The input:
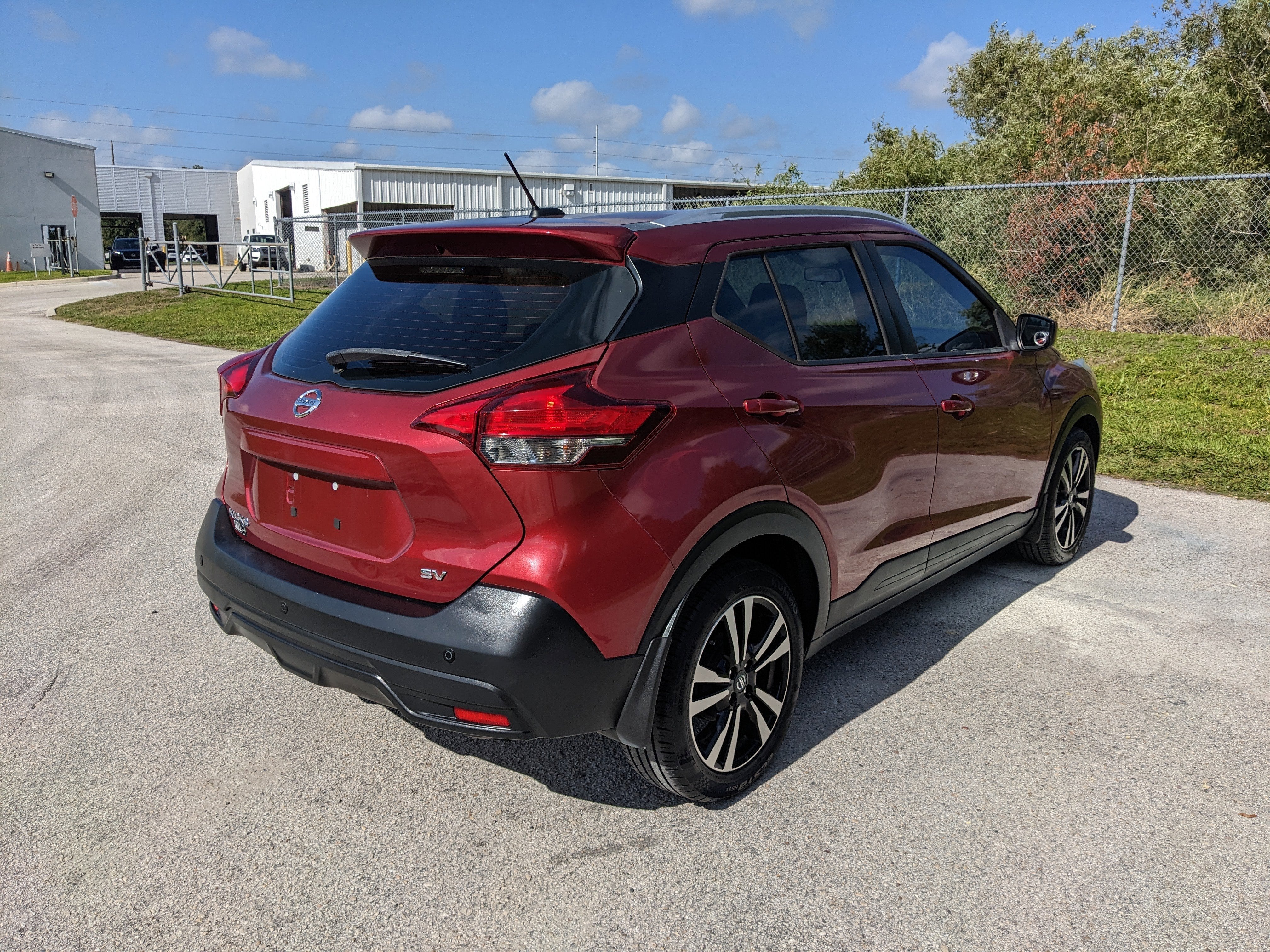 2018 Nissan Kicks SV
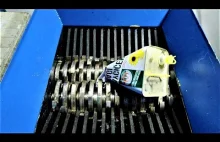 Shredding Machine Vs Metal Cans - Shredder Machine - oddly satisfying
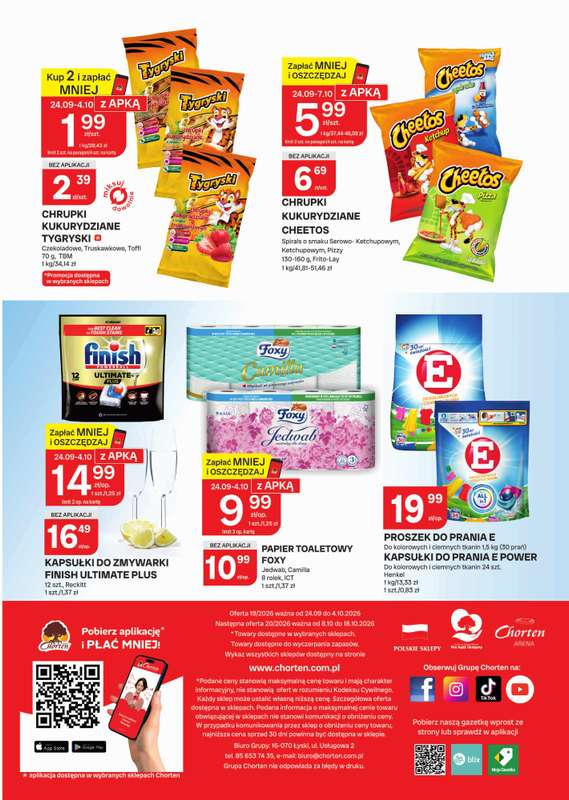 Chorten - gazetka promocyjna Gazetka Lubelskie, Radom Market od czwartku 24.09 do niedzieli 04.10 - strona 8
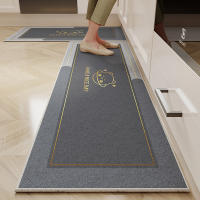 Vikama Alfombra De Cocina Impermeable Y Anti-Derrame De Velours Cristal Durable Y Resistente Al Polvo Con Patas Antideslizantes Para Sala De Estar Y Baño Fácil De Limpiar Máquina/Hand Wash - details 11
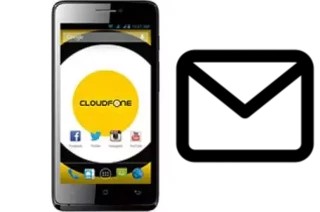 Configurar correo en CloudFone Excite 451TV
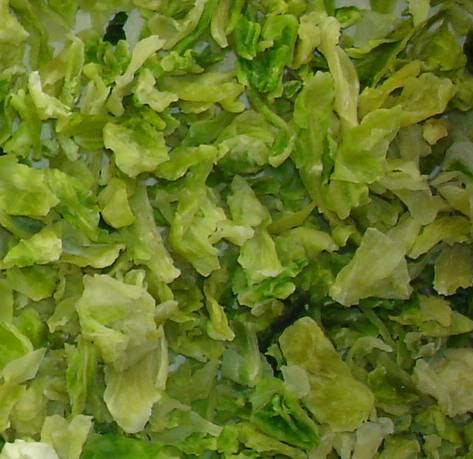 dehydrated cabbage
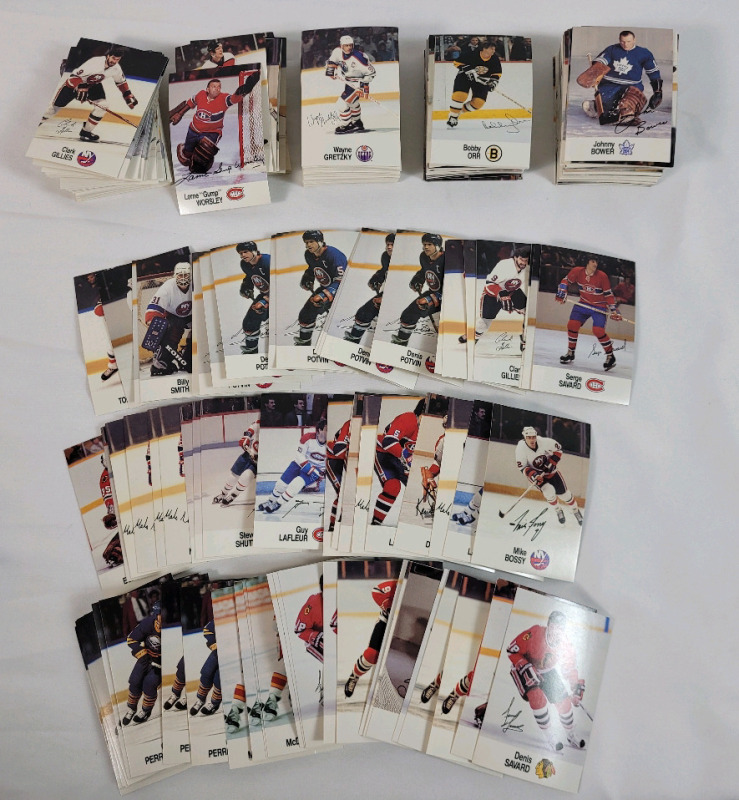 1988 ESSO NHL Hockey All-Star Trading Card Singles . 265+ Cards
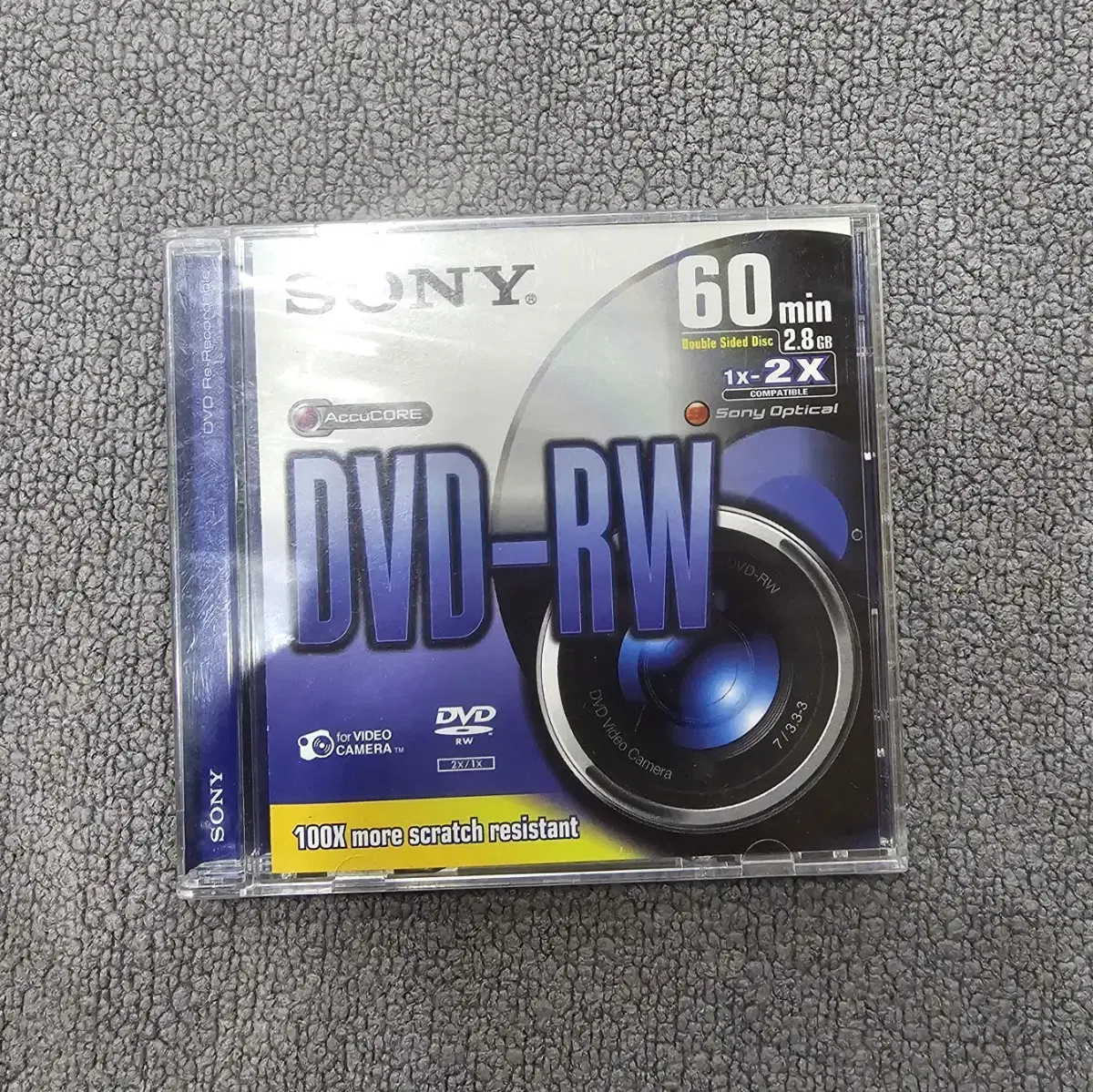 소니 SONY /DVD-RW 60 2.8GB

Work instructions:
Transcribe the data completely. No pictures should appear in the transcription.

Task solution:
 2018 Nissan Kicks SV
 Shredding Machine Vs Metal Cans - Shredder Machine - oddly satisfying
 Chorten - gazetka promocyjna Gazetka Lubelskie, Radom Market od czwartku 24.09 do niedzieli 04.10 - strona 8
 Vikama Alfombra De Cocina Impermeable Y Anti-Derrame De Velours Cristal Durable Y Resistente Al Polvo Con Patas Antideslizantes Para Sala De Estar Y Baño Fácil De Limpiar Máquina/Hand Wash - details 11
 Configurar correo en CloudFone Excite 451TV
 dehydrated cabbage
 1988 ESSO NHL Hockey All-Star Trading Card Singles . 265+ Cards
 소니 SONY /DVD-RW 60 2.8GB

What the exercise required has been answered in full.